Any excuse was enough for Mr Ernest E. White to give the cane. He had a long rack in his office from which he would select the most suitable cane for the occasion ranging from thickest bamboo sticks down to very finest. On one occasion when a new boy did not want to eat his 'greens', someone put a small amount of my pickle on it to make it palatable. Mr White had wanted to get this boy, but without an excuse he then dragged me off and gave me six of the best in his office. On one occasion I was given six of the best for climbing trees. I had been watching the cricket match and reached up and touched a tree branch!

Our fear of Mr White was so great, that, when one day we heard a 'Doodle Bug' approaching. (And we were told it only just cleared the Assembly Hall roof by a few feet). Mr White who was conducting the school choir gave us such a look that we kept on singing instead of dropping to the floor, like we all wanted to do.
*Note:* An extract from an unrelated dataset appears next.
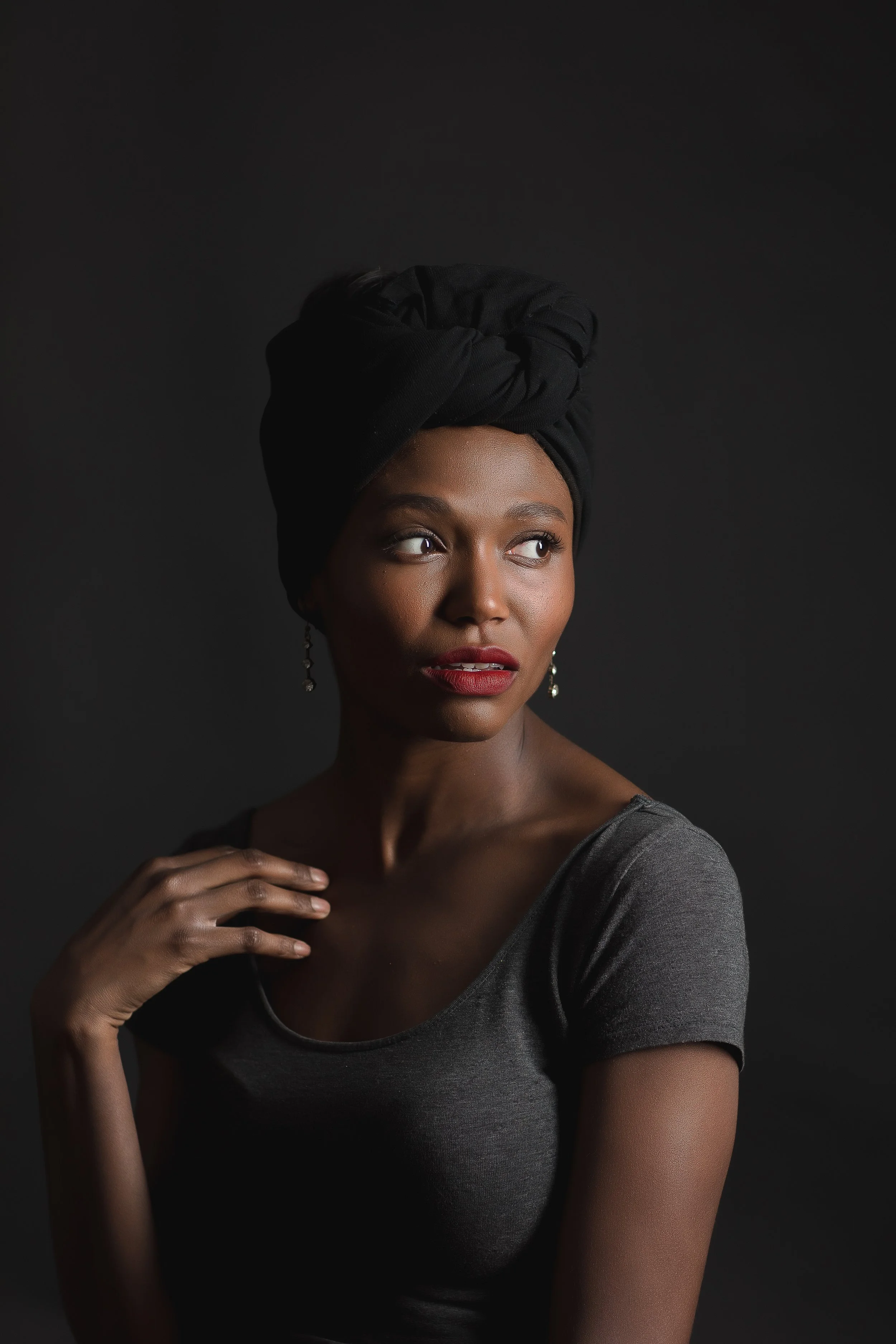 A woman with dark skin wearing a black headwrap and gray top, looking to her right against a dark background.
Schooling was very basic. The main interest at the school seemed to be to get greater and greater production out of the garden and livestock. Either the afternoon or the evening, (depending on the season) was spent producing food for the school. There were about six pigs, two hundred chickens and about the same number of rabbits. And acres of vegetable gardens. We were also sent out to work for local farmers, shifting 'muck' or picking potatoes. We were always promised money, but told that the farmers had refused to pay up. We were always on starvation rations, yet when being marched out of the school for the last time I looked back and saw the cold store open and it was jammed packed with sides of bacon etc.

We were always marching. There was a Boy Scout Band and a Boys Brigade Band. I started as a drummer in the Scouts then changed to the Boys Brigade because they had a better drum. The main advantage of being a leading drummer came on Sundays when marching down the very steep hill to Great Gaddesden Church. Almost invariably the cows going to milking had preceded us and one false step could mean chaos in the ranks!
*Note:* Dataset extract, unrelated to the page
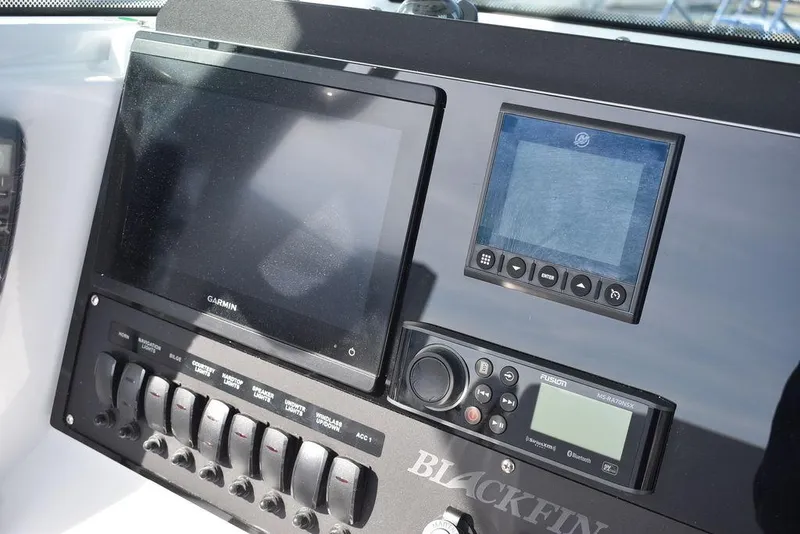 Slide: The Image of 2025 Blackfin 252CC boat dashboard with Garmin navigation and control panel. - 45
A book could be written just on the boy's adventures at this school, because in order to survive, the boys had to have their own pranks and adventures.
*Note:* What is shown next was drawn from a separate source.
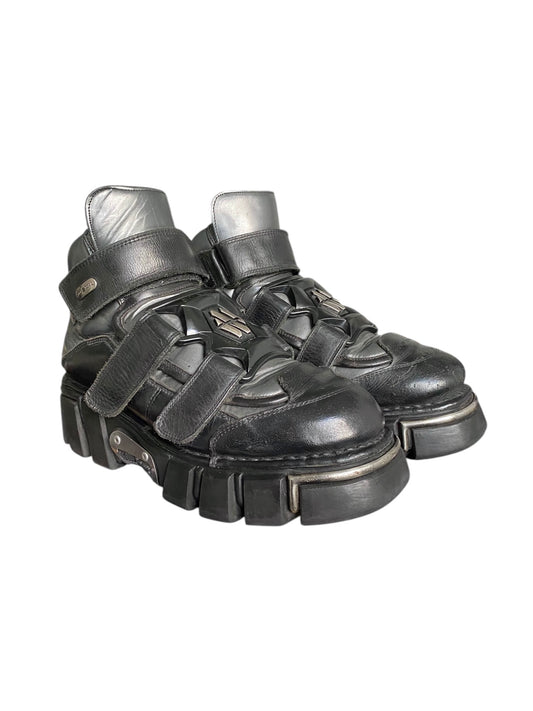 Black leather platform boots with multiple hook-and-loop straps, chunky lug sole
When it was announced that Hitler was dead and the Germans had surrendered, I cried again.(I had not cried for about ten years). My friends said I should be happy, but I told them I was crying for the millions who never saw Victory! Seven days later we were gone; back to schools in London.

Because I had done a lot of reading at The Camp I was well self educated. The school in London was so backward that the Headmaster gave me my leaving certificate even though I was only thirteen. And I was able to start work on my fourteenth birthday at the Metal Box Co in Langham Place.

The separation from my parents for this period of time and their refusal to believe the stories that I told them of the school created a rift that was never healed. My father left home the day I turned fourteen and I joined the Air force at sixteen.

It was a hard learning time for us all, but some of us survived. I am now a war disabled ex-serviceman; fit and active. Having worked all around the U.K., N.Z. and Australia in Civil Engineering. And now retired in North Queensland. I have a wonderful wife and daughter (a Solicitor) who never tire of my stories from the past.